I Joined NBA And Python Together

You decide the problem statement. You decide the theme. You decide the track. It's all about you for the final project. This is the one time in the course where they let you run wild and build anything you want, under some very basic rules.

This blog is all about my Final Project: Terminal-Based-NBA-Game

Ideation

I've been a basketball player and an NBA nerd for 6 years now. And now that I know how to code in Python, it's time that I did something for the nerd in me.

For context: NBA fans LOVE TO COMPARE players. It's like our side job but without pay. Given the statistics of any two players, we love to compare and declare who's better.

This is where I came up with the idea for the first part of my project: Guess The MVP (Most Valuable Player).

To increase the complexity of this project, I planned to use Matplotlib and Numpy to plot graphs and visualise different NBA trends for the past 10 seasons.

And this is how I came up with the final idea for my project

Collecting Data

I chose ESPN to extract the statistics. Here's a look at what the data looks like:

screenshot of season leader stats of 2022-23 season

These are the relevant statistics of the top 10 performing players, i.e., the season leaders of the most recent 2022-23 season. These stats include the following parameters:

RK (Rank, according to ESPN)
GP (Games Played, out of 82 total)
MPG (Minutes Per Game)
FG% (Field Goal Percentage, i.e., percentage of shots made out of shots attempted)
FT% (Free Throw Percentage)
3PM (3 Pointer Made per game)
RPG (Rebounds Per Game)
APG (Assists Per Game)
STPG (Steals Per Game)
BLKPG (Blocks Per Game)
TOPG (Turnovers Per Game)
PTS (Points Per Game)
ESPN (The ESPN overall score for the player)

As far as I could think, there were three ways to extract this data:

Web Scraping
Find ESPN API
Copy-Paste this data to Excel

And, the shortest and easiest way to get things done, was to use the 3rd method. So one by one, for 10 seasons, I copied and pasted this data in different Excel files and saved them as CSV.

To keep my project size compact, I decided to take the data from 10 recent seasons, that is, from 2013-2023. Here's how the 2022-23.csv file looked:

A screenshot of the copied data on an Excel FIle

Cleaning Data

At this point, I had 10 CSV files, named according to their respective seasons (e.g.: 2022-23.csv). Now, I had to clean the data.

I wanted to remove the "RK" and the "ESPN" columns from all of my CSV files.
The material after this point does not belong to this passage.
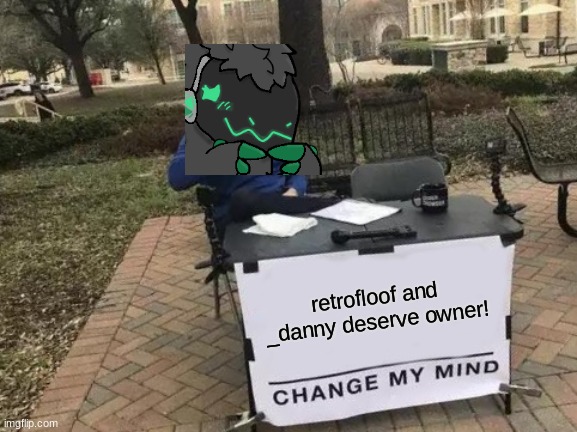 They are the nicest and most active people ive met here :) | retrofloof and _danny deserve owner! | image tagged in memes,change my mind,furry | made w/ Imgflip meme maker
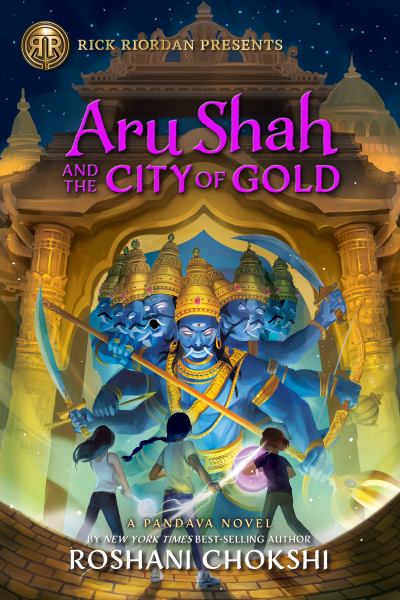 Aru Shah and the city of gold (Pandava, Book 4)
I did not want these two parameters to show as statistics to my users. The "ESPN" column had to be removed since I devised a formula to calculate the MVP score for a player based on the above statistics (about this in the upcoming section).

Again, I had two ways of doing it:

Manually delete both columns from each file
Automate this process using Python

To skip all the hard work, I wrote a simple Python script in a separate file that removes any number of columns that I wanted to remove from a given CSV file.

I started with the basics, using the CSV library.

import csv

I wrote a function that loaded all the data from the CSV file into a list of dictionaries and rewrote the file with the data I wanted to show.

def delete_column(filename, *args):
    #read preferred data into a list
    with open(filename) as f:
        reader = csv.DictReader(f)
        data = [] #list of dictionaries as individual rows
        for row in reader:
            data.append({k: v for k, v in row.items() if k not in args})
    #rewrite the csv file with preferred data
    with open(filename, "w") as f:
        writer = csv.DictWriter(f, fieldnames= list(data[0].keys()))
        writer.writeheader()
        for row in data:
            writer.writerow(row)

Now, I removed the data of both columns by calling the delete_column function.

if __name__ == "__main__":
    delete_column("2022-23.csv","ESPN","\ufeffRK")

Guess The MVP

The first part of my project is GUESS THE MVP. This is where you'll be displayed the list of 10 seasons as below, and you have to choose which season's MVP you want to take a guess.

I have a pre-prepared seasons list, and an actual MVP dictionary as below:

seasons = [
    "2013-14",
    "2014-15",
    "2015-16",
    "2016-17",
    "2017-18",
    "2018-19",
    "2019-20",
    "2020-21",
    "2021-22",
    "2022-23",
]
actual_mvp = {
    "2022-23": "Joel Embiid",
    "2021-22": "Nikola Jokic",
    "2020-21": "Nikola Jokic",
    "2019-20": "Giannis Antetokounmpo",
    "2018-19": "Giannis Antetokounmpo",
    "2017-18": "James Harden",
    "2016-17": "Russell Westbrook",
    "2015-16": "Stephen Curry",
    "2014-15": "Stephen Curry",
    "2013-14": "Kevin Durant",
}

After having entered the season of choice, a table of all the statistics of the season leaders of the players gets printed. I made the table using the tabulate library in Python.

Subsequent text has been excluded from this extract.